Bacterial pathogens such as Pseudomonas syringae and Ralstonia solanacearum pose a serious threat to high-value crops like tomato, Spain’s leading horticultural product. These pathogens use proteins known as effectors, which are injected into plant cells to manipulate their functions and promote infection. Our project leverages the fact that some of these effectors are highly conserved across different bacterial species, making them powerful tools to identify common plant processes that are critical for defense.

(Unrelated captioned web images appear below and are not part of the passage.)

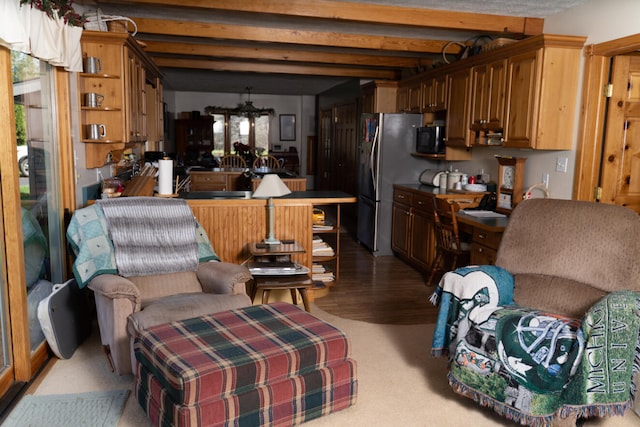 living room featuring beam ceiling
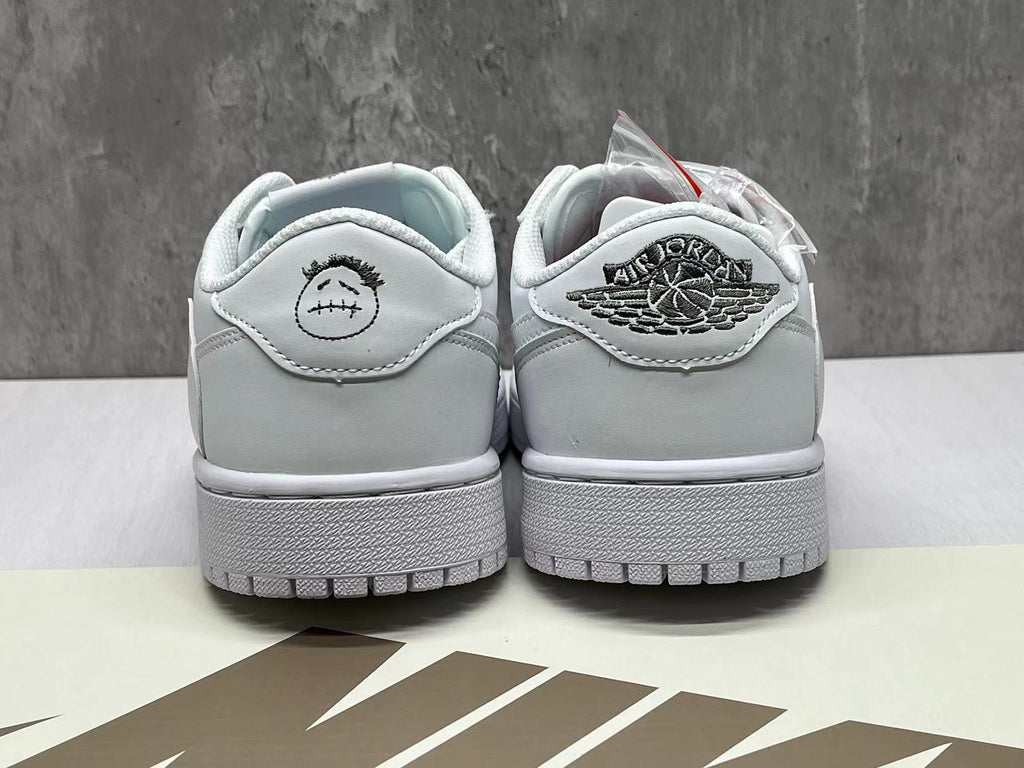Air Jordan 1 Low All-White Reverse Swoosh Sneakers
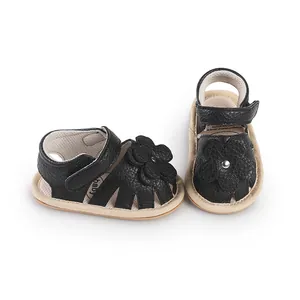 Close-up detail of black prewalker baby sandals featuring 3D flower decoration on a white background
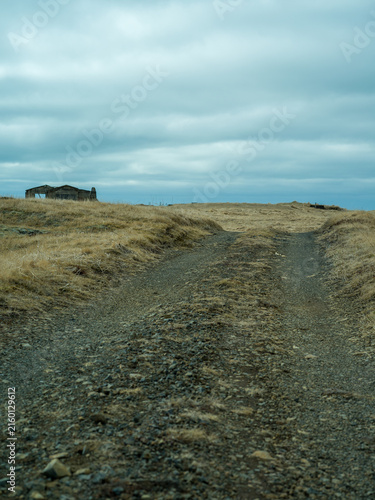 Remote gravel road leading through rural Icelandic landscape
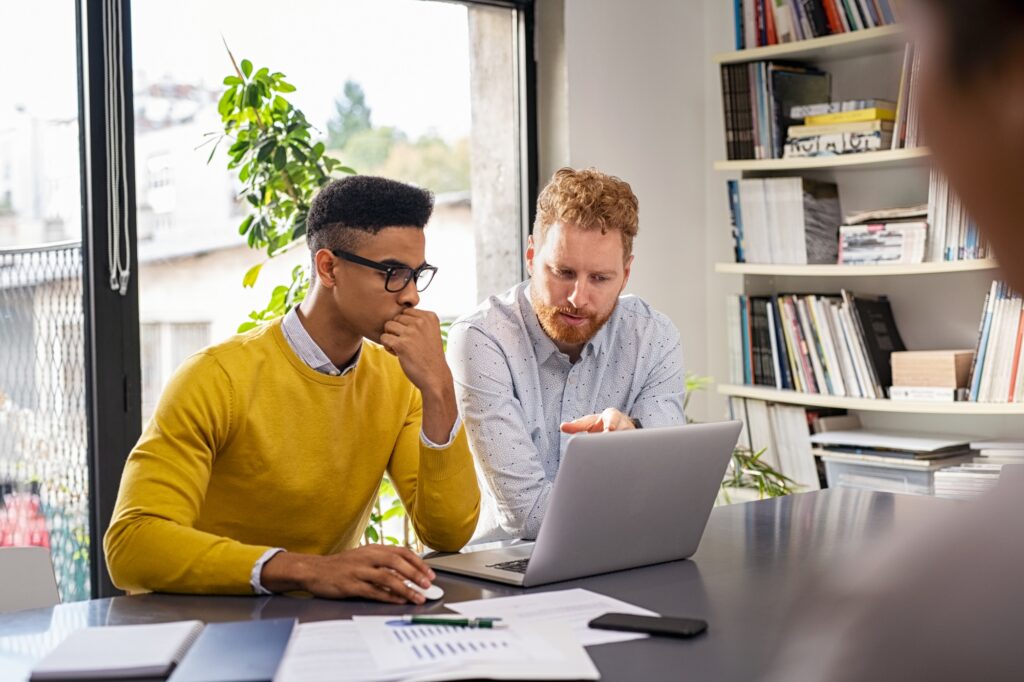 Creative business people working on laptop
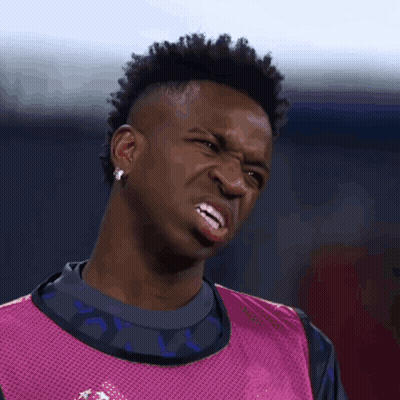 Man With Mohawk Making Funny Face In Pink Vest GIF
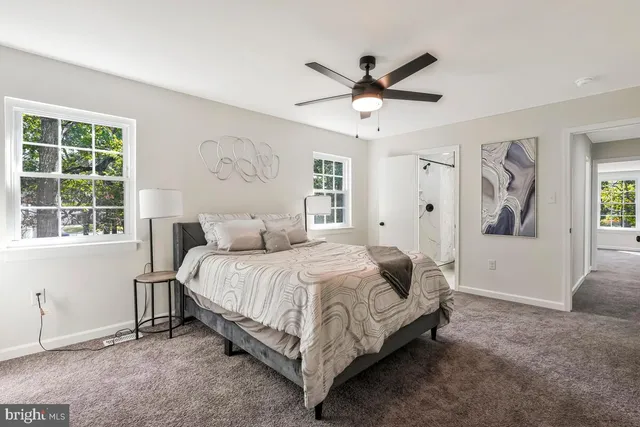 a spacious bedroom with a bed and a window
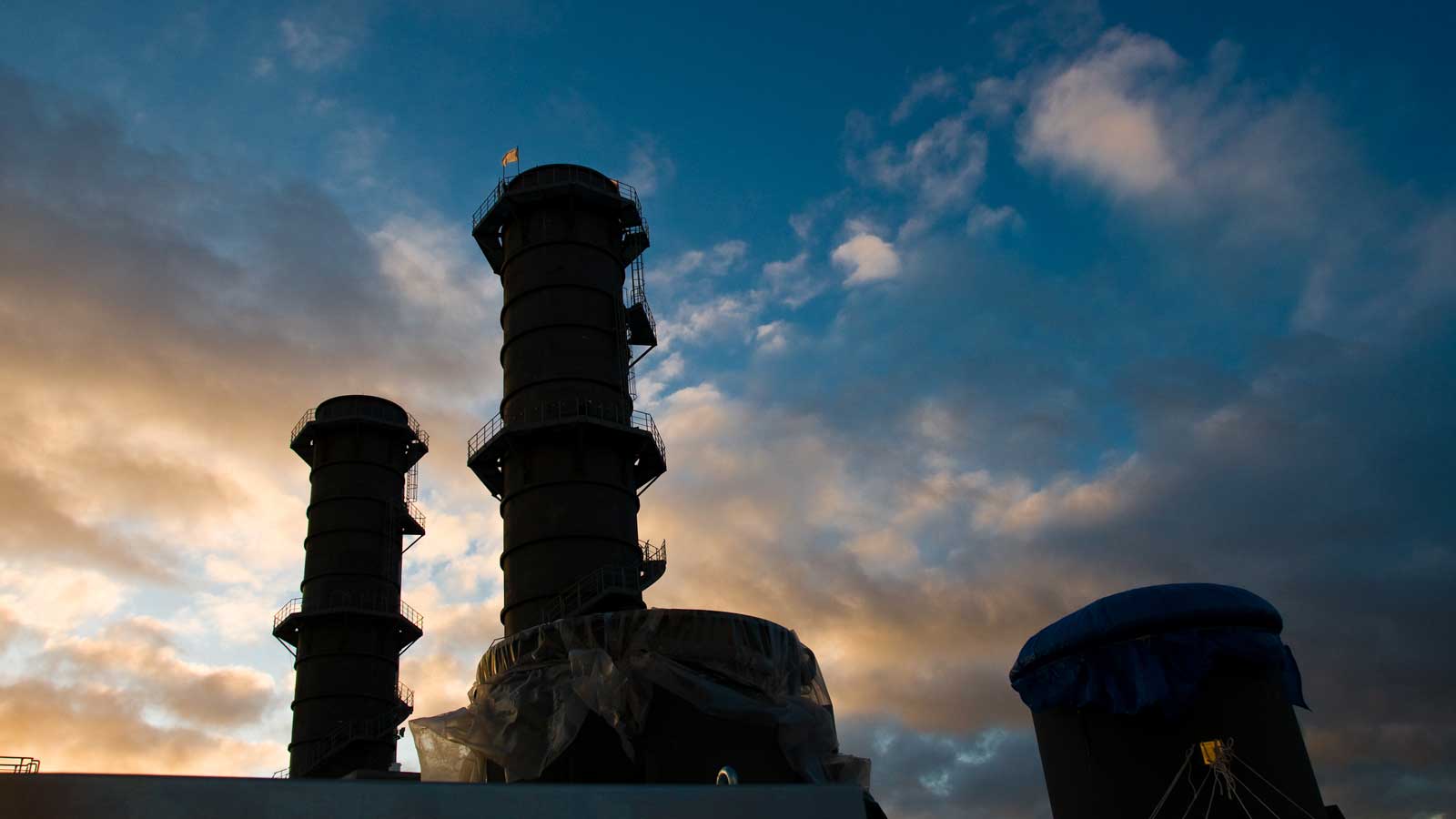 Dark silhouettes of tall chimneys against a colourful sky at sunset.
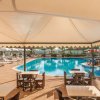 Tavoli sotto un tendone affacciati su una piscina.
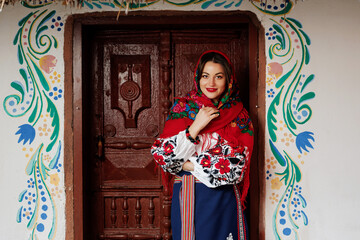 Fototapeta na wymiar Charming smiling woman in traditional ukrainian handkerchief, necklace and embroidered dress standing at background of decorated hut. Ukraine, style, folk, ethnic culture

The project is structured around three main objectives, each addressing a different time frame:

(I) To investigate phytochemical molecules acting as defense signals against bacterial infections. Transcriptomic analyses will be performed in both plants and pathogens to identify genes and signaling pathways involved in defense activation.

(II) To analyze the role of a gene family identified as a potential target of a conserved bacterial effector. Using CRISPR/Cas9-based genome editing tools, mutant lines will be generated in the model plant Arabidopsis thaliana to assess the impact of these genes on plant immunity. Promising findings will then be translated to tomato crops using gene silencing techniques.

(III) In the medium to long term, the project aims to identify novel interactions between bacterial effectors and plant proteins using complementary molecular screening approaches such as Yeast-Two-Hybrid and TurboID. This strategy will allow the construction of plant–pathogen interaction maps and the identification of new targets for breeding disease-resistant varieties.

By combining genetic, biochemical, and cell biology approaches, this project will contribute to the development of sustainable crop protection strategies aligned with EU commitments. At the same time, it will generate fundamental knowledge in the field of plant–pathogen interactions.